Abbas Jibouri said in an interview with the Los Angeles Times that about 25
national guard members raided his house on the morning of May 8.
A 41-year-old farmer from the Maden area near Baghdad, Jibouri, whose account
could not be verified, said he had been taken to a detainee center and later
transferred to the national guard base at Rustumiya.
"There was always one man interrogating me and four or five others who
punched me in different parts of my body," said Jibouri, a Sunni. "They
accused me of providing terrorists with weapons and money…. They gave
me a list of 10 names and told me to give information about their being terrorists.

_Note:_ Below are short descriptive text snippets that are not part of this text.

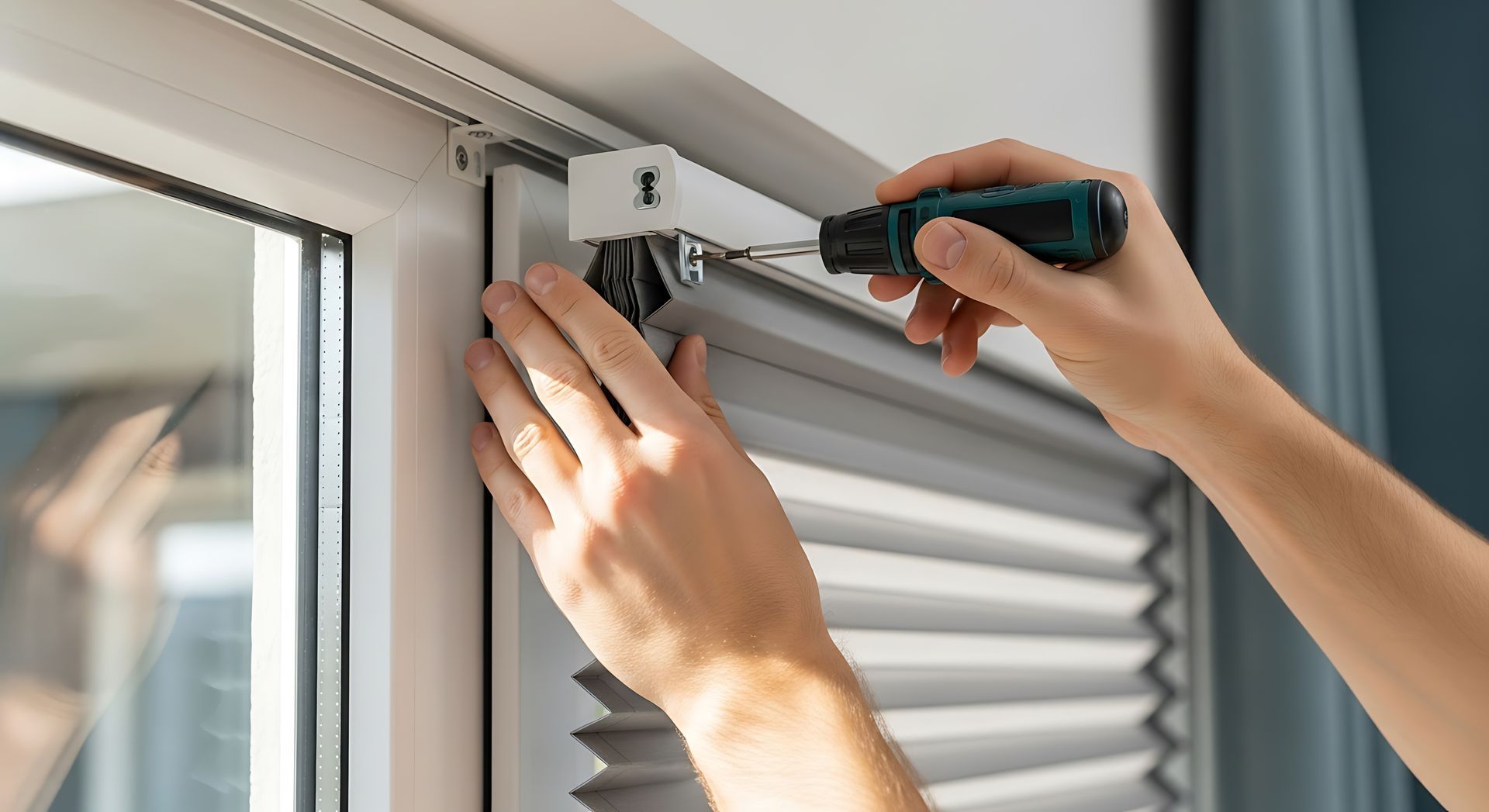 Hands installing a window blind bracket with a screwdriver beside a window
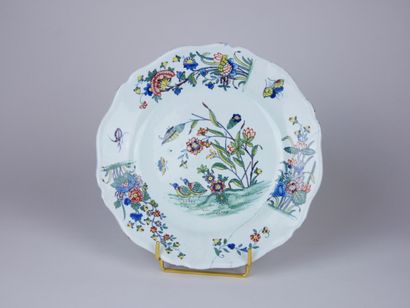 null ROUEN : 

Earthenware plate with polychrome decoration of quails among reeds.

Eighteenth...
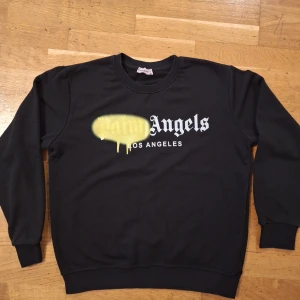 Svart Palm Angels sweatshirt M - Svart sweatshirt från Palm Angels i 100% bomull med klassisk rund hals och tryck framtill i vitt och gult. Tröjan har långa ärmar och ribbade muddar vid ärmslut och nederkant. Snygg streetwear-vibe med Los Angeles-tryck.
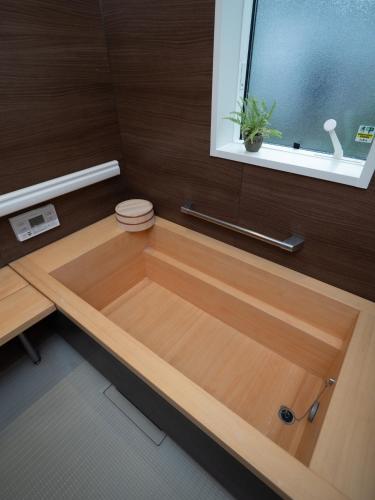 镰仓市Kamakura International House Japanese-style room w Shower Toilette - Vacation STAY 11630的带窗户的浴室内的木制浴缸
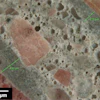 Figure 1: Reflected light photomicrograph of polished surface showing dark, low w/cm mortars (green bars) coating aggregate particles. These are typical indicators of retempering.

One of the names belonged to my brother and another was a neighbor of mine who
actually died a year or so ago."
Jibouri said he was beaten with pipes and given electrical shocks. "I
didn't know when it would end," he said.
At one point, Jibouri said, interrogators told him: "You [Sunnis] ruled
the country for 35 years. We're going to retaliate now." Jibouri was released
after 10 days in custody. He was not charged with a crime.
Guheithi, the Sunni imam, has been detained by American as well as Iraqi forces.
He said U.S. troops had arrested him in January 2004 and accused him of preaching
holy war at his mosque. He said he was held in solitary confinement for seven
days and released. American soldiers, he said, "didn't torture me, but
an Iraqi man with them punched me hard several times."
Last month, Iraqi national guardsmen handcuffed Guheithi at the home of his
brother in the Rasafa neighborhood of Baghdad.
"They were beating me and my brothers in front of our children,"
he said. "They told me that I was helping the insurgents by sending trucks
to Fallouja during the first [anti-insurgent] offensive in April 2004. They
had piles of reports about me. I was actually only sending humanitarian aid
to the people there, which I gathered from our mosque."
He said he was held for nine days in the Taji camp, which is used by U.S. and
Iraqi forces.
"I stayed there with 19 other people in a very small room with no windows,"
said Guheithi, who added that he was often blindfolded and beaten. "When
they found that we had no information, they set us free…. I and other
detainees about to be released had to swear that we were not terrorists and
that we are going to participate in building a democratic country."